VDI vGPU Lessons Learned...

brhilton@cisco.com · ‎07-27-2018

Anyone else like pioneering? Trying new things? Tackling problems head on? Let's be honest, if it was easy, it wouldn't be worth it. I love my job and being able to overcome new challenges (almost daily) is extremely rewarding. Yesterday was no different.

A counterpart of mine was setting up a Cisco C240 M5 (rack mount server) with the NVIDIA Tesla P40 GPU for several upcoming trade show demos.

After running into a couple of snags, he reached out describing the issues he was facing. I started digging into the hardware and software configurations and after several hours of banging my head against the keyboard, I started to make some progress.
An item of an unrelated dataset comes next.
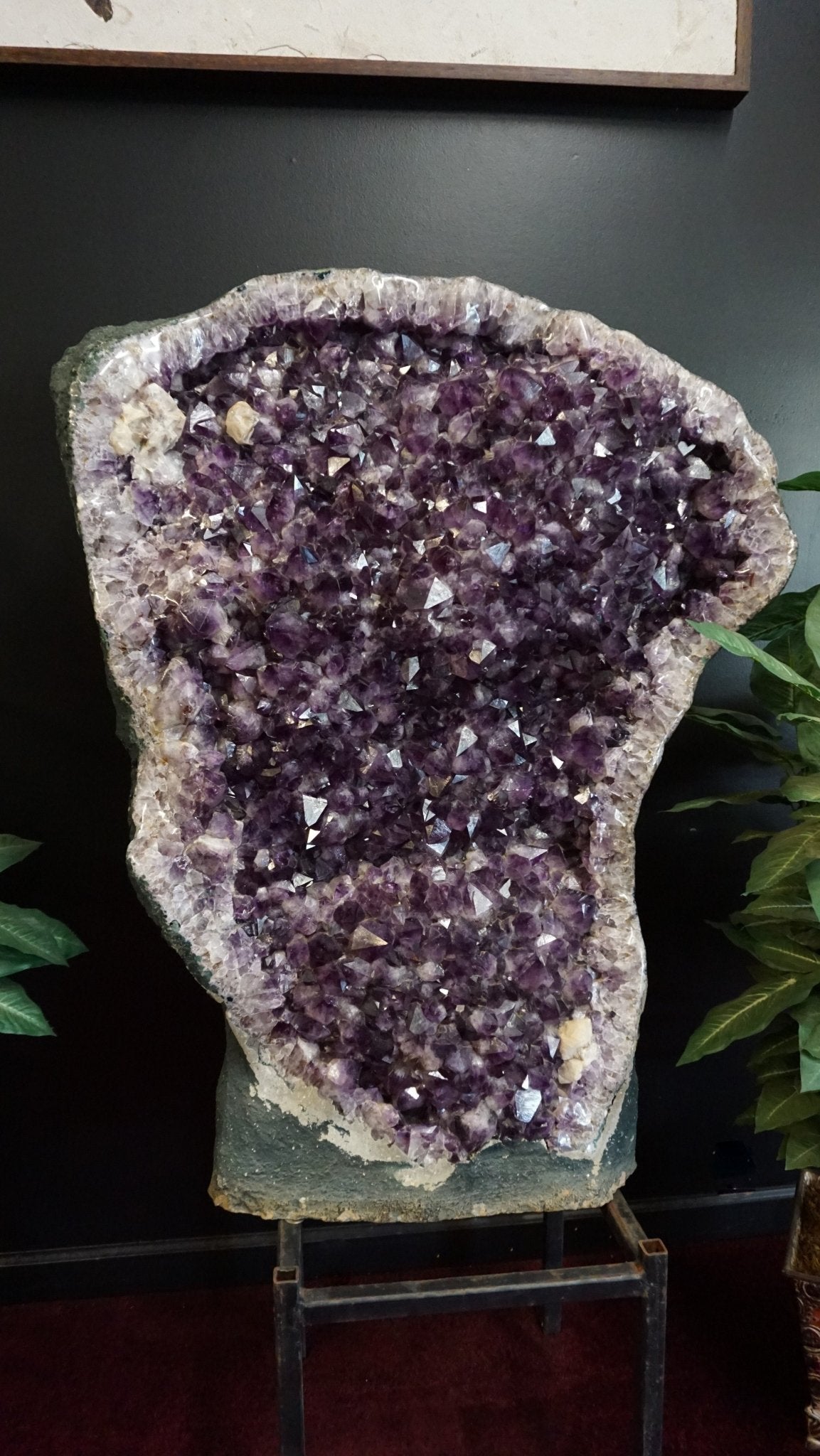 Large Show Piece Amethyst Geode Specimen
A Little Bit of Background

With Windows 10/Server 2016, the host requirements to run virtual desktops/applications have changed significantly. Out of the box, Windows 10 needs ~30% more GPU over Windows 7. The same is true with the applications that a typical knowledge worker/task worker leverage on a day to day basis (Microsoft Office components can consume upwards of 80% more GPU than previous versions). Websites have become much more visually appealing and resource demands have increased to deliver the rich content being published.

I typically attend industry shows like Citrix Synergy, VMware's VMworld, and NVIDIA's GTC to speak with customers/partners about these new challenges and how to overcome them. I am a "visual learner" so I love being able to show the end user experience at these shows.

In order to demonstrate the benefits, we usually build a hardware appliance with the appropriate hardware/software to support the demo (hence the C240 M5 and NVIDIA P40 mentioned earlier). The end user experience is what drives a successful VDI deployment; "if your end user's ain't happy, ain't nobody happy...".

The Problem

As I was describing earlier, we were having some challenges with the demo server. We tried different versions of ESXi, different drivers, even different VM hardware versions. Nothing worked! The VM would not power on with a shared PCI device (i.e. vGPU) and there were no descriptive errors to help identify why it wouldn't power on. I was at the point where I wanted to bring up a different host to test but I held off knowing this was something that could be fixed if we spent a little more time on it.

The Solution

First, you want to make sure passthrough is disabled on the GPU. This is located via ESXi. Ours was showing "not capable". Having deployed vGPU enabled environments in the past, I thought this was very odd. The GPU supports passthrough and you typically see "Disabled" via the Hardware PCI Devices section of the host's configuration in the ESXi web console. See below:

This led me to believe we had the wrong VIB. Not the case. After uninstalling/reinstalling VIBs and testing different versions of the VIB, I decided to go down a different path. While digging through the BIOS, I noticed VT-d was somehow disabled. Cisco's UCS Manager would have made this MUCH easier to deploy at scale using a BIOS policy but we were working on a standalone server for the appliance:

Enabling VT-d brought us one step closer to success but we weren't out of the woods yet. ESXi would now allow us to toggle passthrough. For vGPU, you want to make sure passthrough is disabled (the host requires a reboot if it is enabled and you toggle passthrough):

Next, I wanted to make sure that vCenter was set to properly use "Shared Direct" for the host graphics. This is located in the Graphics section of the the host's hardware configuration in vCenter:

After validating things looked good from a configuration standpoint, the vGPU enabled VM would still not power up. vCenter now generated the error “could not initialize plugin '/usr/lib64/vmware/plugin/libnvidia-vgx.so' for vgpu”. Hey! That is something I can Google!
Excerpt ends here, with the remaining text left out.